We see CMR at work when social media and email marketing work together. For example, a consumer receives a coupon via email from one of her favorite brands. When that consumer shares the email on social media, her friends see the email and might click on the post to view the coupon. If a friend then uses the coupon or subscribes to the brand’s email list, it would be a win for the brand’s marketing team. The brand did not have a relationship with the second consumer before, but because the first consumer managed the relationship, they introduced the second consumer to the brand.
Takeaway: When email and social media work together, brands empower their current customers to share brand content with their networks, thus helping brands reach new consumers.
2. Alternative to ads: Social ads allow for easy targeting and are often cheap. Despite this, they don’t always reach the right audience. When that happens, these ads can quickly become expensive.
When fans of brands share offers and other content they receive via email, brands know they are reaching their true target audience. This is because social media users are cautious of sharing brand content on social media lest their friends to consider them spammers. When consumers do share, they are confident that the content is relevant to their followers. Therefore, brands can be confident as well.
Social ads have their place in marketing. Many brands have experienced great success with social ads, but the combination of email and social media provides an alternative.
Takeaway: Combining email and social media efforts empowers consumers to push content via their own feeds.
3. Email acquisition engine: Marketers are always looking for innovative, new ways to capture email addresses for new subscribers. When social media and email efforts collide, marketers benefit. The example discussed in “CMR” explains how email acquisition happens on social media. When someone clicks on brand content via a friend’s social media post, he can choose to join the brand’s mailing list.

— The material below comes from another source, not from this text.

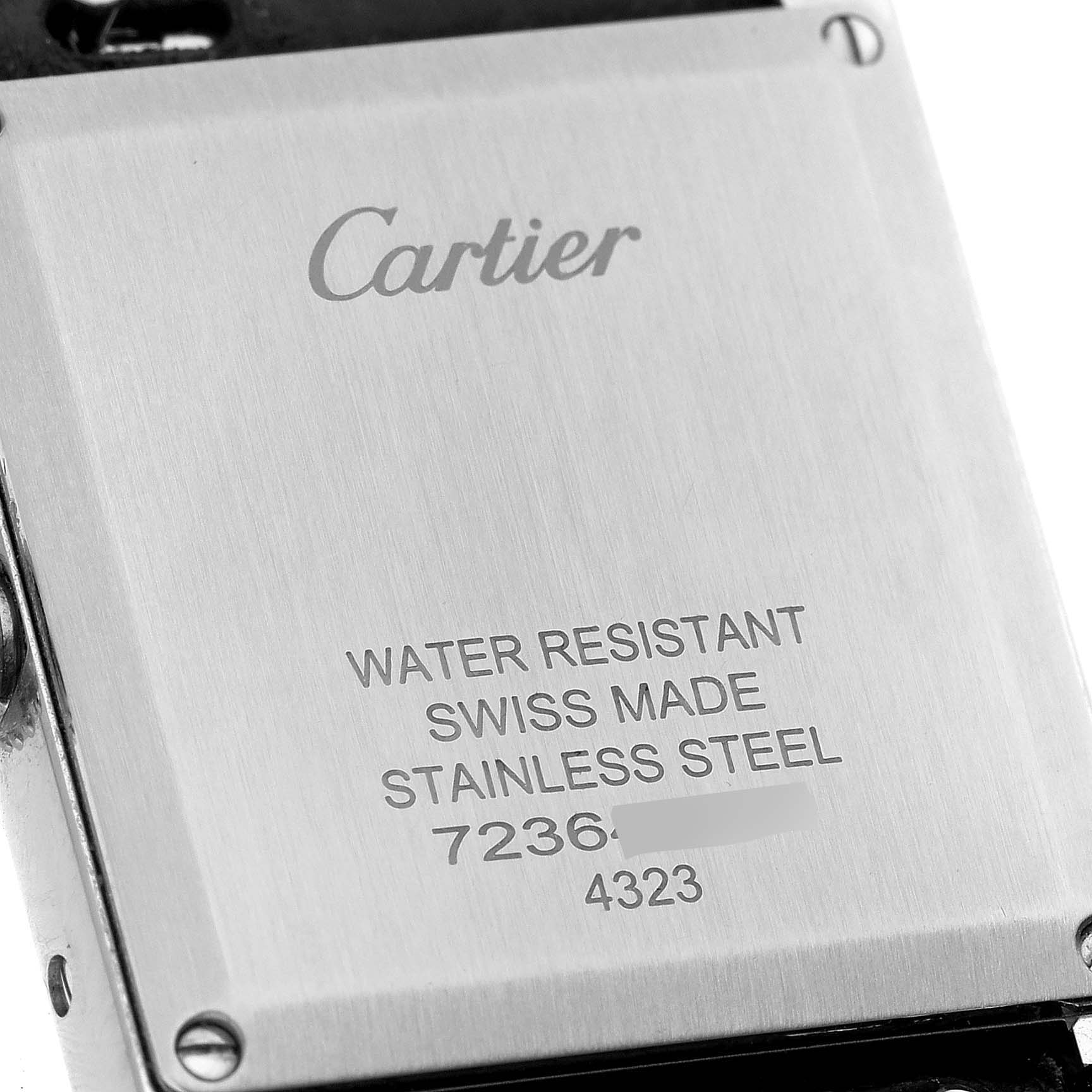 The image shows the back case of a Cartier Tank Must WSTA0041 Women's Stainless Steel Silver Dial WSTA0041 Women's Stainless Steel Silver Dial watch, highlighting its water resistance, material, and serial number.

This starts a cyclical process. The additional consumer will start receiving brand email, and he might choose to post some messages on social media. When his friends see, they click and purchase. This means more engagement and sales for brands.
Takeaway: When consumers share engaging brand content on social media, it introduces brands to a new group of consumers.
4. Increased engagement: Again, marketers are always seeking new methods for increasing consumer engagement for digital campaigns. For digital, engagement is often the metric of choice.
Consumers are unlikely to spontaneously post about their recent purchase from a brand. However, cool, interesting, useful email content gives consumers something to share on social media about their favorite brands.
For example, food companies such as Kraft often share recipes via email, which moms or foodies are likely to share on Facebook or Pinterest. Clothing retailers such as Banana Republic often send email messages with different ways to wear new items. Again, this content is social media-friendly and provides value beyond pushing consumers toward and immediate purchase.
Takeaway: Brands looking to increase social engagement should send shareable content via email.
Marketers are used to dealing with interdepartmental silos, but they need to examine how all areas of the marketing department work together. Silos prevent all functionalities from being as powerful as possible, but this is particularly true for email and social media. When the two popular efforts combine, brands identify their best brand advocates. Through joint social-email efforts, brands will benefit from increased customer engagement, more loyal customers and increased sales.